Reservoir Characteristics of Lewis Shale
H. Dube, Burlington Resources

Reservoir Characterization and Log Model Development
G. Christiansen, Burlington Resources 

Evaluating Fractured Gas Shale
J. Frantz, Schlumberger Holditch-Reservoir Technologies

TECHNOLOGY OVERVIEW

Historically, most San Juan Basin production has been from naturally fractured, low permeability, Cretaceous sandstones such as the Dakota, Mesaverde and the Pictured Cliffs, or from the Fruitland Coal. In the past the Lewis was completed only in the few wells where large Lewis flow rates were encountered while air drilling for deeper targets. Prior to 1990 the Lewis was not a completion target. However, the Lewis is accessible between the Mesaverde and the Pictured Cliffs formations in thousands of existing wells across the San Juan Basin. A Burlington Resources study has shown that the Lewis has commercial gas potential throughout much of the San Juan Basin and could be completed in many new and existing wells. The New Mexico Oil Conservation Division has included the Lewis Shale within the Mesaverde pool definitions, which should simplify the regulatory issues when completing Lewis wells.

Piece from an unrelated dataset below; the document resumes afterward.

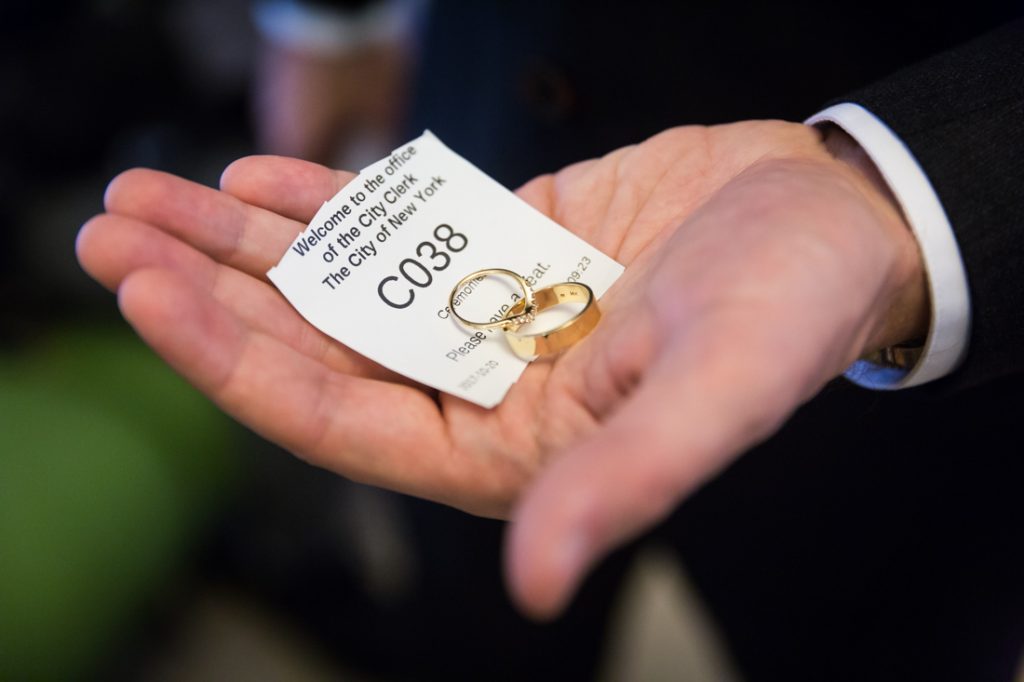 Ticket number and wedding rings for an article on How to Get Married at City Hall in Any NYC Borough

Lewis Characterization. The Lewis Shale is a 1,000 to 1,500 ft thick, layered reservoir composed of shale, siltstone, and minor sandstone that should be considered for completion and production purposes as a sandy siltstone rather than true shale. It was deposited during the final transgressive-regressive cycle of the Cretaceous Interior Sea. The Lewis is composed of four members that include, from top to bottom, the Ute, Navajo City, First bench of the Otero, and Second Bench of the Otero. Generally mudstone and laminated sandstone comprise most of the Ute and Navajo City intervals, while bioturbated and laminated sandstone comprise most of the Otero intervals.

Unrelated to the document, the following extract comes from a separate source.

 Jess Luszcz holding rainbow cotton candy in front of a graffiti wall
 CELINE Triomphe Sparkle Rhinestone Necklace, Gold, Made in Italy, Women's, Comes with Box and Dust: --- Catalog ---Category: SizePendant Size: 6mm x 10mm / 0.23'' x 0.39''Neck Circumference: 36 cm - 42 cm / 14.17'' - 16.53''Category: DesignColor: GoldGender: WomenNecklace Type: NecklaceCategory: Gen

Average matrix porosity and permeability are 1.72% and 0.0001 md respectively. Low matrix permeability therefore requires natural fractures and stimulation to make a well economical. Water saturation ranges from 20% to 100%. Storage capacity for the Lewis interval is approximately 22 bcf per 160 acres. Adsorptive capacity ranges from 13-38 scf/ton. Total organic carbon (0.45-1.59 wt. %) is relatively low compared to other shale gas reservoirs. The Lewis is sub-normally pressured at 0.22 psi/ft, which is similar to pressures observed in the Mesaverde. Within the San Juan Basin the coarser-grained, quartz-rich intervals comprise most of the play. These intervals are also the most prone to natural fractures, particularly in laminated sequences. Thus, matrix quality appears to be important relative to economic production.

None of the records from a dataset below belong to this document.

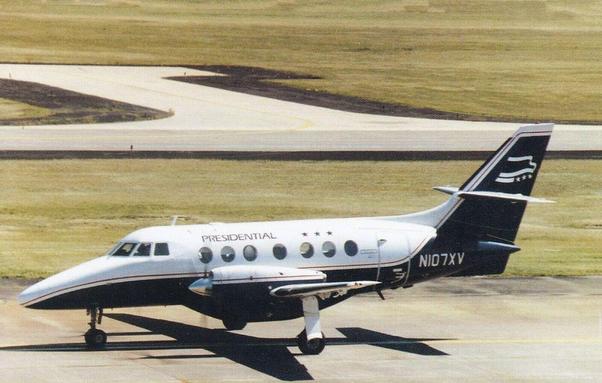 Little prop plane is scooting across the tarmac real fast. Right to Left.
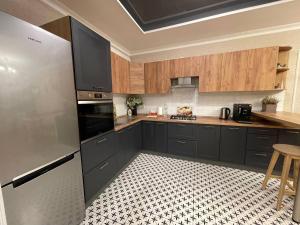 uma cozinha com um frigorífico de aço inoxidável e armários de madeira em Grace Apartments em Boryspil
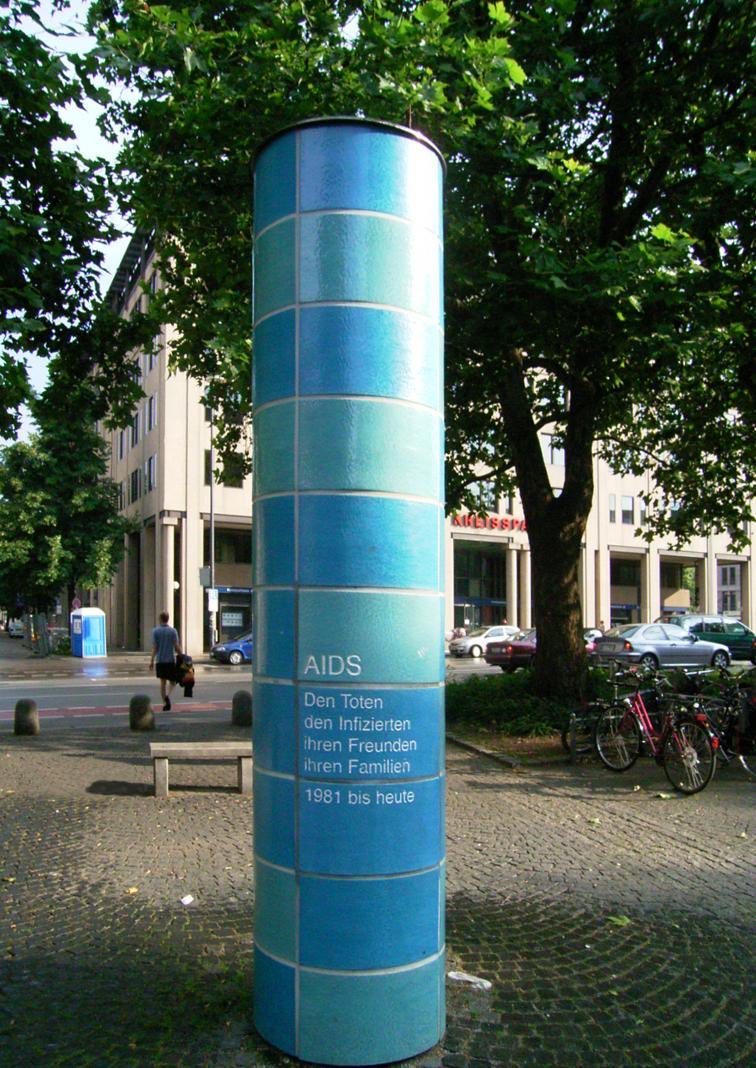 In my own hometown of Munich, Germany, the AIDS Säule (column) stands in the city center on Sendlinger Tor Platz, often going unnoticed by passers-by. Dedicated in 2002, it‘s styled like the columns in the underground station below, symbolizing an unearthing of the unseen.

Most of the Lewis Shale appears to contain some natural microfractures-although occurrence of macro-scale natural fractures is limited. Fractures are typically vertically isolated and steeply dipping with a dominant fracture set striking along a north-northeast azimuth, and an infrequent sub-perpendicular set. Both larger conventional macrofractures and microfractures within the matrix are present within the Lewis. Fractures tend to have limited vertical extent, and truncate at subtle lithologic boundaries. The degree of connection between the microfractures is poorly understood, but certainly must increase bulk permeability. Both the layered and fractured nature of the Lewis is reflected by substantial vertical and lateral variation of permeability and reservoir pressure.

Reservoir characteristics of the Lewis Shale are analogous to many mud-rich intervals throughout the world. Therefore, many previously overlooked intervals may have commercial potential, particularly if these formations already exist "behind pipe." The Lewis is intermediate between hydrocarbon-bearing shales and "tight" gas sands.

Optimizing Lewis Completions. The optimal stimulation procedure for the Lewis is still being developed. It is suspected that fluid type and number of stages are the most important factors. At this time nitrogen foam/linear gel is considered the optimal stimulation fluid. During 2000 there was a $25-35K cost difference between one-stage and two-stage treatments. It is possible that one-stage treatments could show comparable results to two-stage treatments. It is likely that the hydraulic fracture propagates down the natural fractures once they intersect. Larger stimulation treatments may not benefit production depending on the natural fracture anisotropy and the fracture fluid retention in the natural fractures. However, long-term production will ultimately determine the optimal number of stages. Sub-normal pressure within the Lewis should also be considered when designing hydraulic fracture stimulation.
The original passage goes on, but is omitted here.